I'm currently setting up an environment for our developers and I am faced with a problem. We're planning on having Crowd, JIRA, Confluence, Bamboo, etc (all by Atlassian; all running on Windows Server 2008). All these products need a back-end database, which will be Microsoft SQL Server 2008.
So the issue is: is it fine to have SQL Server running inside a guest OS (performance-wise) or performance will be sub-optimal in this environment?
MS SQL will run fine in a virtual environment so long as it has enough memory. This is the same whether its in a real or virtual environment really. If your developers VM's have enough memory then it should be fine.
I have a VM running SQL 2008 enterprise for development and QA.
The performance is not stellar, but it can serve quite a load. We had some problems, mostly regarding high performance reads, where the SQL would complain on incorrect checksum and would fail the action.
I would recommend using something more performance oriented, like ESX.
We have a development server, that runs Hyper-V server. It serves up Server2008 Enterprise, running SQL2008 with no issues whatsoever. This is with supplying the VM with about 3GB of memory.
I've been running confluence in a 2008 Server VM for several months, and it works like a champ. No real problems, it sees moderate usage. The database is hosted off of the vm on a dedicated SQL 2005 server. But this is a shared database server that hosts many other applications as well.
The best advice I can give for this development server is: make sure it has enough memory.

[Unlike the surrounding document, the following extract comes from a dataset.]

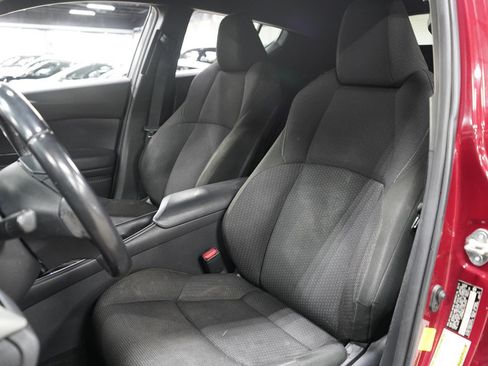 Used 2018 Toyota C-HR XLE FWD image 12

All of the java/tomcat apps that you mentioned need to preallocate their memory space, and SQL will gobble up the rest. I would recommend at least 3GB of RAM (at most 8GB). Each one of the Atlassian apps will want 256-512MB of RAM, and SQL will want at least 1GB, and then the OS will need a little too.
Also watch your disk IO, depending on what your devs are doing, this could be a serious bottle-neck.